Per-pupil spending captures how much a state invests in each student’s education, covering everything from teacher salaries to textbooks to building maintenance. The NEA’s 2023-24 data ranks current expenditures per student from highest to lowest:

  • Idaho: $9,942 (last place)
  • Utah: $11,289
  • Oklahoma: $11,311
  • Arizona: $11,808
  • Nevada: $11,927

Idaho spends less than $10,000 per student, while some states at the top of the rankings spend more than $25,000. Utah’s low ranking is partly explained by its large average family size, which means more school-age children per household spreading state education budgets thinner. But Idaho has held the bottom position for years. Federal data from the National Center for Education Statistics confirms that even after adjusting for inflation, Idaho and Utah have consistently spent less per student than any other state.

Why Graduation Rates Can Be Misleading

High school graduation rates might seem like the clearest measure of educational success, but they can mask deeper problems. Nationally, graduation rates have climbed to record highs, yet college readiness tells a different story. In Michigan, for example, the graduation rate sits at 84 percent, but nearly three-quarters of students are not meeting college-readiness benchmarks on the SAT. In Wisconsin, some high schools report graduation rates of 99 percent while roughly 45 percent of their freshmen need remedial math in college.

This disconnect matters when evaluating state rankings. A state with a high graduation rate but low proficiency scores may look good on one list and terrible on another. States that appear to perform well on completion metrics can still be sending students into the workforce or higher education unprepared for what comes next.

What Separates the Bottom From the Top

The gap between the highest-ranked and lowest-ranked states is enormous. States at the top of education rankings tend to share a few characteristics: higher per-pupil spending (often above $20,000), competitive teacher salaries, strong preschool enrollment, and above-average proficiency on national assessments. States at the bottom often have lower tax bases, less political will to fund education, and structural challenges like rural geography that make it expensive to deliver services across spread-out populations.

Funding alone doesn’t guarantee good outcomes, but chronic underfunding creates a cycle that’s difficult to escape. Lower spending leads to lower teacher pay, which leads to teacher shortages, which leads to larger class sizes and fewer support services for students. States like Mississippi, Idaho, and Oklahoma have faced versions of this cycle for decades.

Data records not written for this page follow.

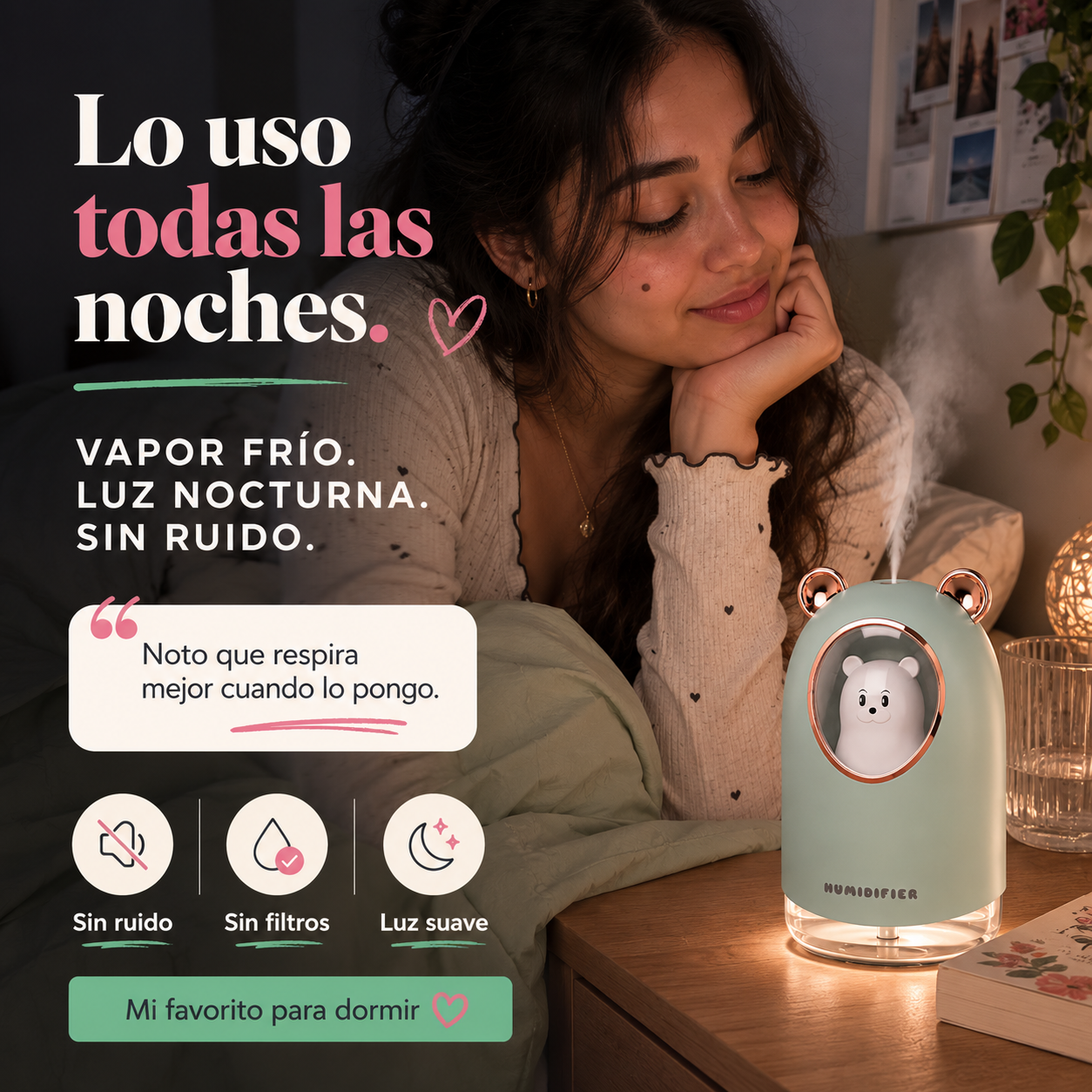 Humidificador Mini Portatil Oso - 820 — vista 6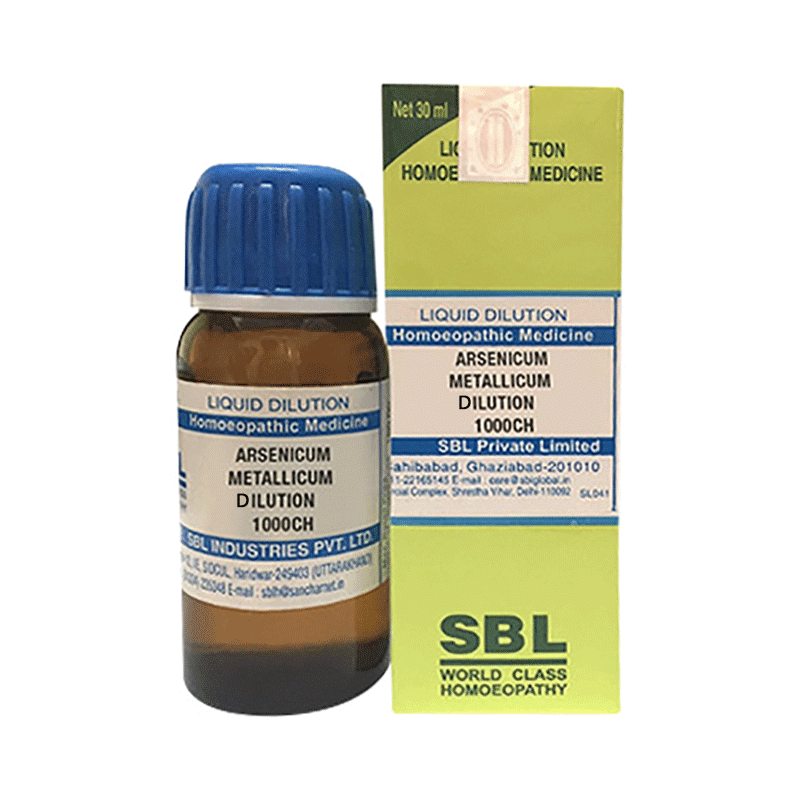 SBL Arsenicum Metallicum Dilution 1000 CH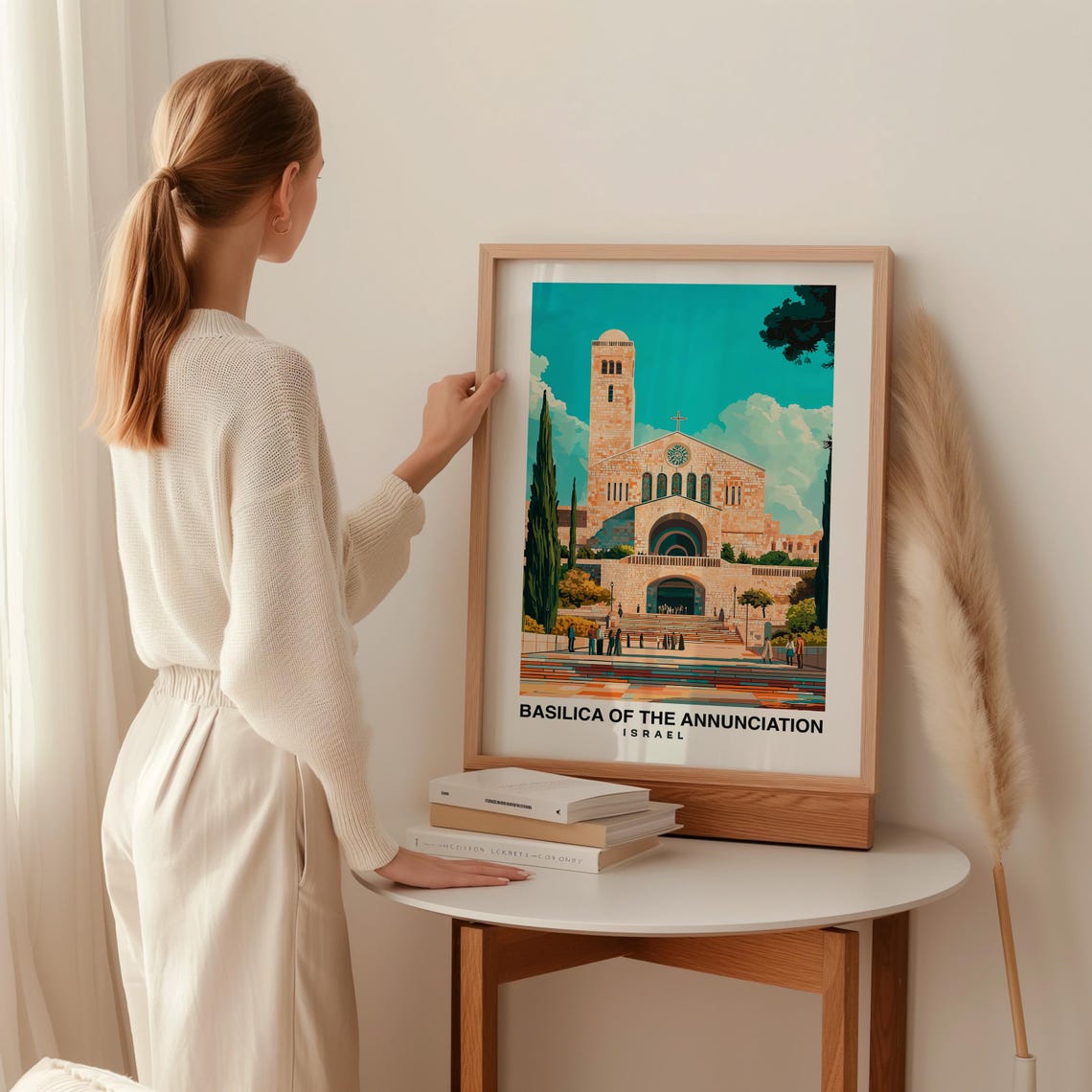Basilica Of The Annunciation Travel Print Wall Art Nazareth Israel City Print Basilica Of The Annunciation Travel Gift - Image 2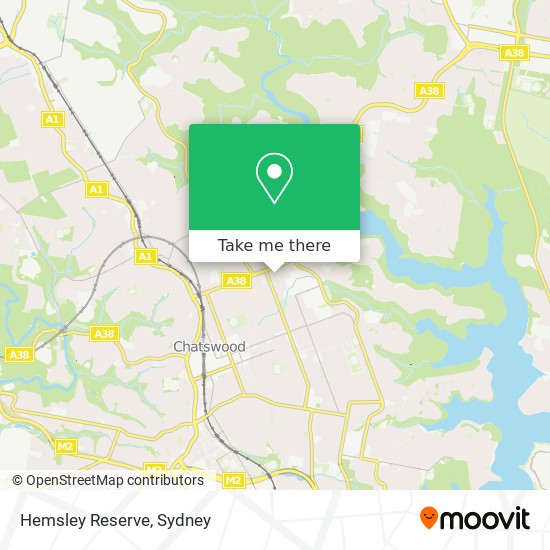 Hemsley Reserve map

The States That Appear Most Often at the Bottom

If you’re looking for a short answer, Mississippi and Idaho are the two states most frequently found at or near the bottom of national education rankings. Mississippi ranks last in teacher pay and consistently scores among the lowest in student achievement on national assessments like the NAEP (often called “The Nation’s Report Card”). Idaho ranks last in per-student spending and has for years. Other states that regularly appear in the bottom tier include Louisiana, Oklahoma, Arizona, Nevada, and New Mexico.

The specific state that ranks “lowest” will shift from year to year and from report to report. But if you see a list of the five worst-performing states in American education, you can expect most of these names to be on it.